2h) Select Data – Split file – Organize output by groups, groups based on personality type and
click OK. Then carry out the logistic regression using work stress as a predictor for fatigue. Now
undo the file split using Data – Split file – Analyze all cases. Repeat these steps for the simple
effects of personality type by using work stress to split the file.
24
Tutorial 4: Statistics III
This tutorial is dedicated in its entirety to the discussion of the results of the SPSS logistic
regression practical. Any remaining time can be spent on any assignments from the previous
tutorials that have not been discussed yet.
1. For the relevant assignment, first review the global structure of the SPSS output.
2. Then discuss the output using the questions for this practical as set out in this course
textbook.
3. Any questions or issues that remain unclear can be raised during the Q&A session.
25
Knowledge questions part 1: contingency tables and logistic regression
Contingency tables
1. What type of graph or table is used to represent the correlation between two continuous
variables, such as intelligence and income? Which statistical measure and test correspond with
this?
2. Answer the questions under 1 for the correlation between two dichotomous or binary
variables, such as gender and being in paid employment.

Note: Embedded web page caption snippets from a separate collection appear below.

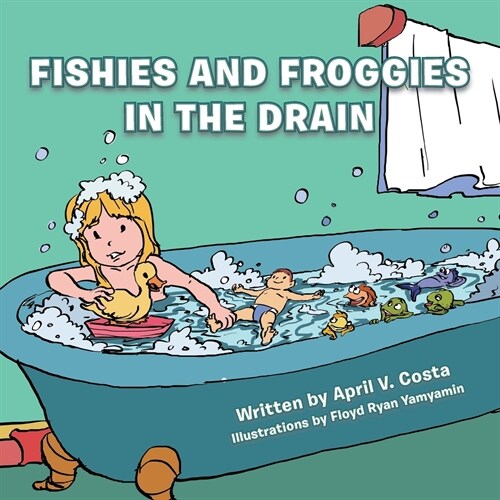 Fishies and Froggies in the Drain (Paperback)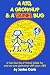 A Kid, A Grown Up and A Travel Bug: A You-Can-Do-It Travel Guide for one-on-one getaways with your child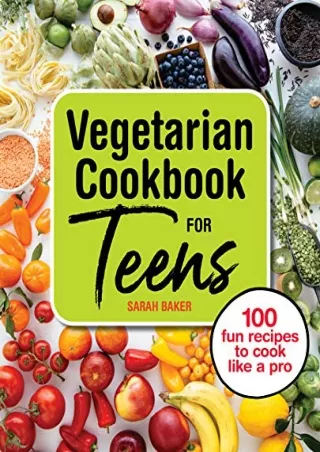 PDF/BOOK Vegetarian Cookbook for Teens: 100 Fun Recipes to Cook Like a Pro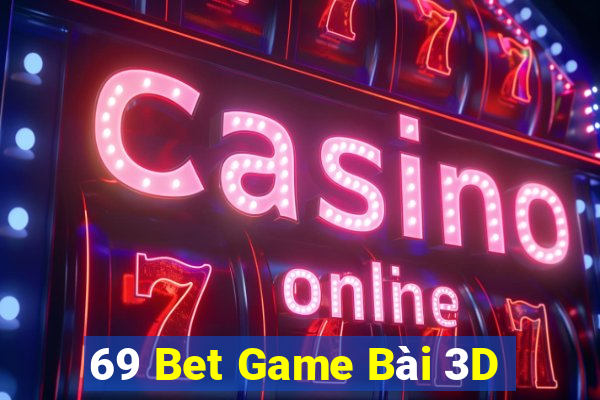 69 Bet Game Bài 3D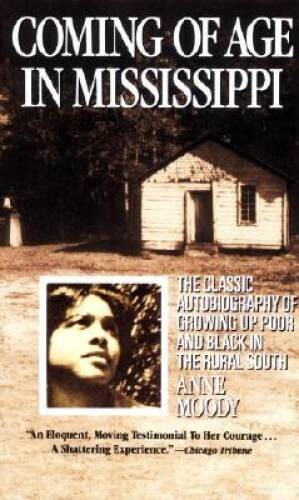 Coming of Age in Mississippi: The Classic Autobiography of Growing Up Poo - GOOD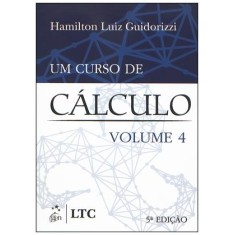 Imagem de Um Curso de Cálculo Vol. 4 - 5ª Edição 2002 - Guidorizzi, Hamilton Luiz - 9788521613305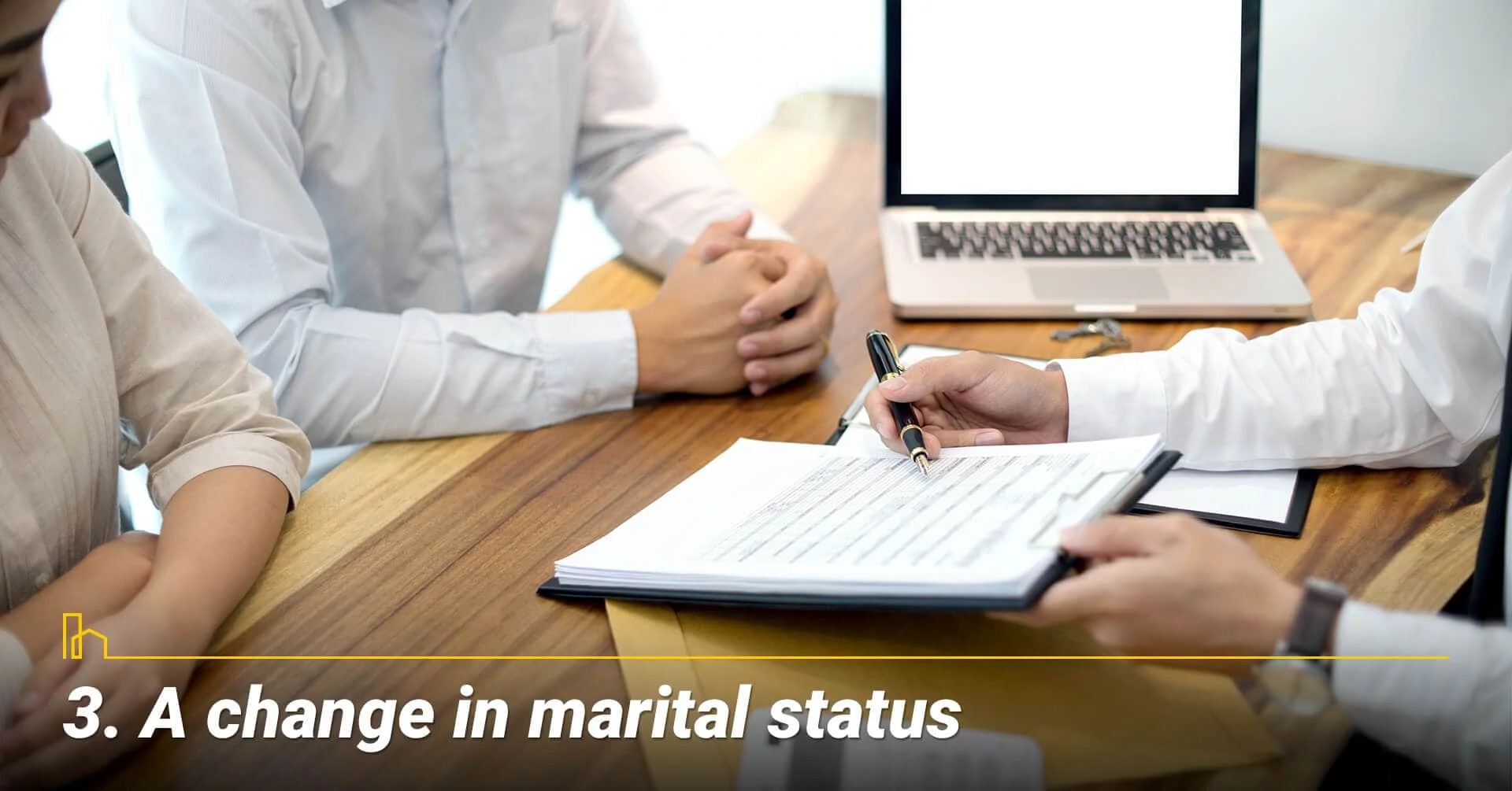 A change in marital status, getting married or divorced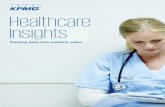 Healthcare Insights: turning data into patient value · 2 Healthcare Insights - Turning data into patient value In 2016, Ireland is facing a growing and aging population and, with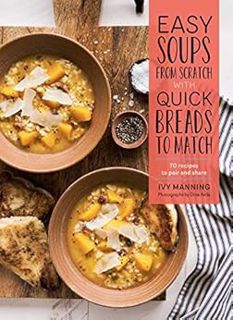 READ PDF EBOOK EPUB KINDLE Easy Soups from Scratch with Quick Breads to Match: 70 Recipes to Pair an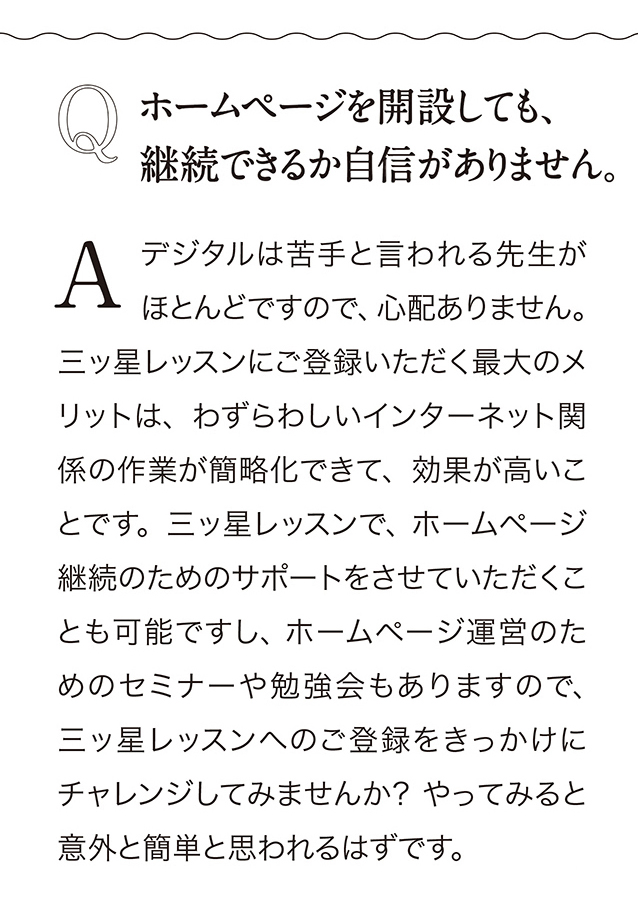 Q  ホームページを開設しても、 継続できるか自信がありません。　A デジタルは苦手と言われる先生がほとんどですので、 心配ありません。 三ッ星レッスンにこ登録いただく最大のメリットは、 わずらわしいインターネット関係の作業が簡略化できて、効果が高いことです。 三ッ星レッスンで、 ホームベージ継続のためのサポートをさせていただくことも可能ですし、ホームベージ運営のためのセミナーや勉強会もありますので、 三ッ星レッスンヘのご登録をきっかけにチャレンジしてみませんか？やってみると意外と簡単と思われるはずです。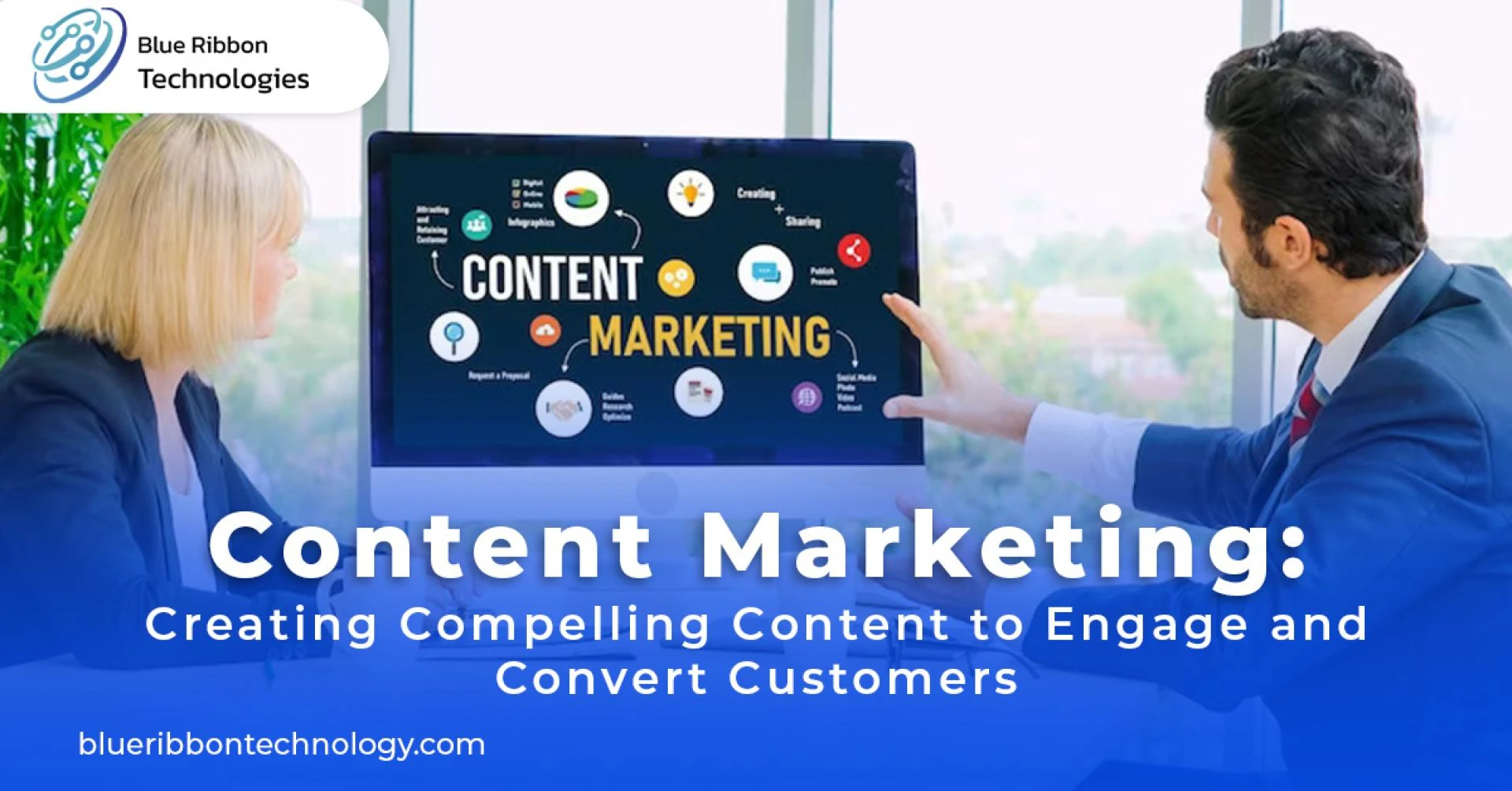 Content Marketing: Creating Compelling Content to Engage and Convert Customers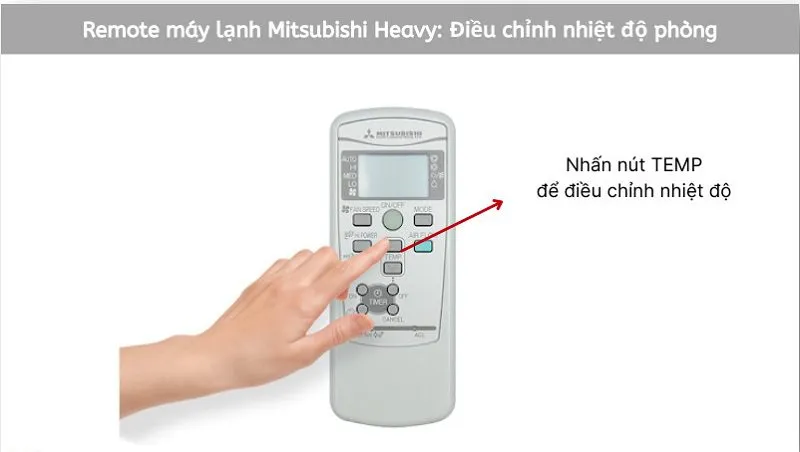 Nhấn nút TEMP để điều chỉnh nhiệt độ 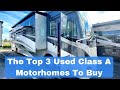 The Top 3 Used Quality Class A Motorhomes I Can Recommend For RV Travel And Camping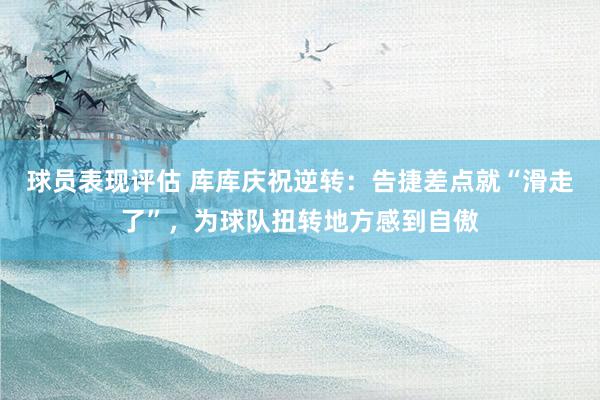 球员表现评估 库库庆祝逆转：告捷差点就“滑走了”，为球队扭转地方感到自傲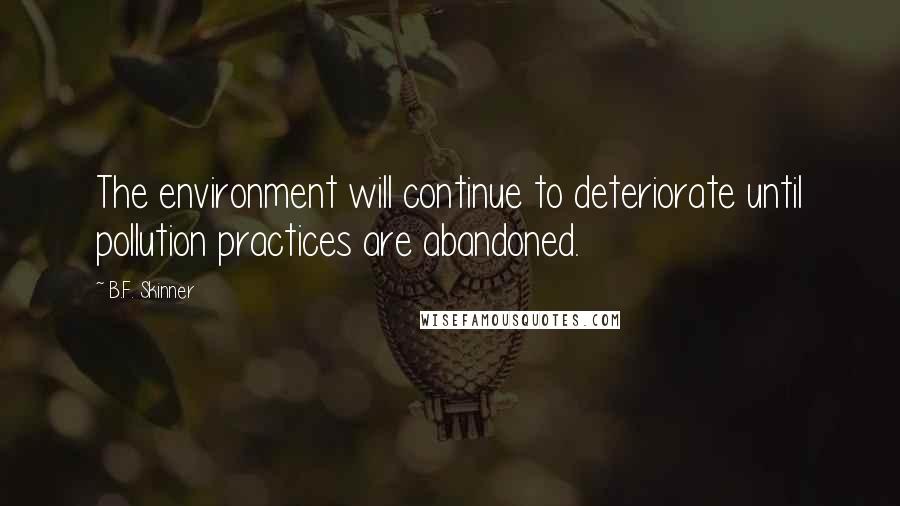 B.F. Skinner Quotes: The environment will continue to deteriorate until pollution practices are abandoned.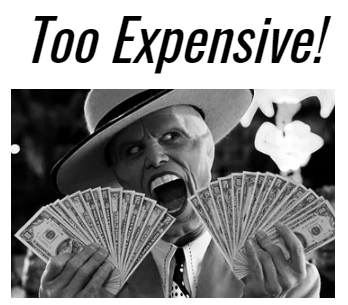 Too Expensive!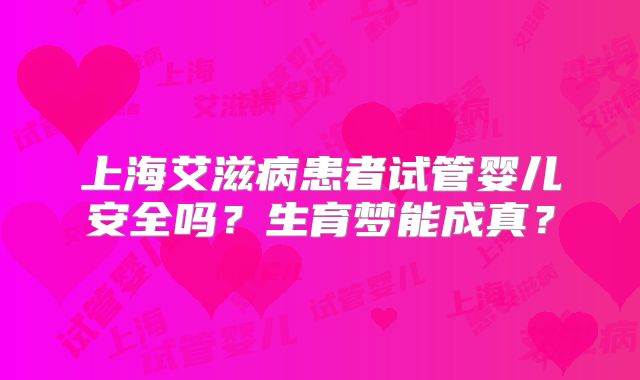 上海艾滋病患者试管婴儿安全吗？生育梦能成真？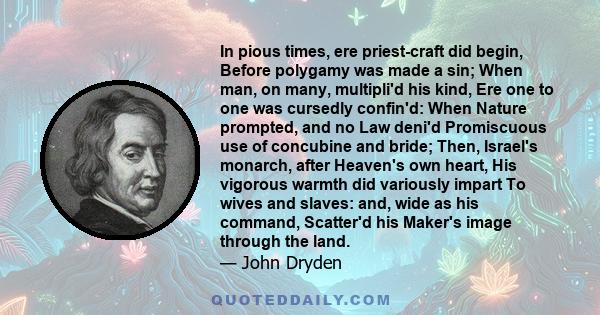 In pious times, ere priest-craft did begin, Before polygamy was made a sin; When man, on many, multipli'd his kind, Ere one to one was cursedly confin'd: When Nature prompted, and no Law deni'd Promiscuous use of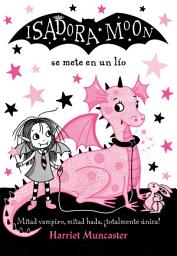 Icon image Isadora Moon 5 - Isadora Moon se mete en un lío: ¡Un libro mágico!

3. Let’s assume we have a contingency table for treatment (yes/no) and recovery (yes/no).
Formulate a null hypothesis to establish a difference and a null hypothesis to establish a
correlation. How do these hypotheses relate to each other?
4. How does the contingency table calculate the frequencies expected under the null hypothesis?
5. Which two assumptions are made in a Chi-square test for a contingency table?
6. If both variables are dichotomous, Pearson’s correlation coefficient can be rewritten to which
measure of association?
7. What is the formula for calculating the odds ratio as a measure of association for a 2*2 table?
8. What is the relation between the odds ratio, the log of the odds ratio and the correlation? What
value must each of these three measures have in order for the association to be negative, positive
or absent?
9. Let’s assume we split a 2*2 table for variables X and Y into the levels for C, a third variable.
We then perform the Mantel-Haenszel test to establish the so-called ‘common odds ratio’. Which
null hypothesis is being tested in this case? Which assumption must be applied in order for this
test to be meaningful?
10. How does one determine that an interaction between X and C exists in the sample? And what
part of the SPSS output for contingency table analysis tests whether there is interaction in the
population?
11. What is the correct follow-up analysis for the effect of X on Y if interaction is present? And
if there is no interaction?
26
Logistic regression
15. What is the principal difference between linear and logistic regression?
16. In the case of ANOVA and regression (Statistics 2), the expected value of continuous
variable Y is modelled as the sum total of a constant + main effects + interactions. In logistic
regression, Y is dichotomous. What is being modelled now as the sum total of the effects?
17. How large is ln(X) if X is 1, has a value between 0 and 1, or is greater than 1? How large are
the log odds if the probability is 50%, less than 50% or more than 50%?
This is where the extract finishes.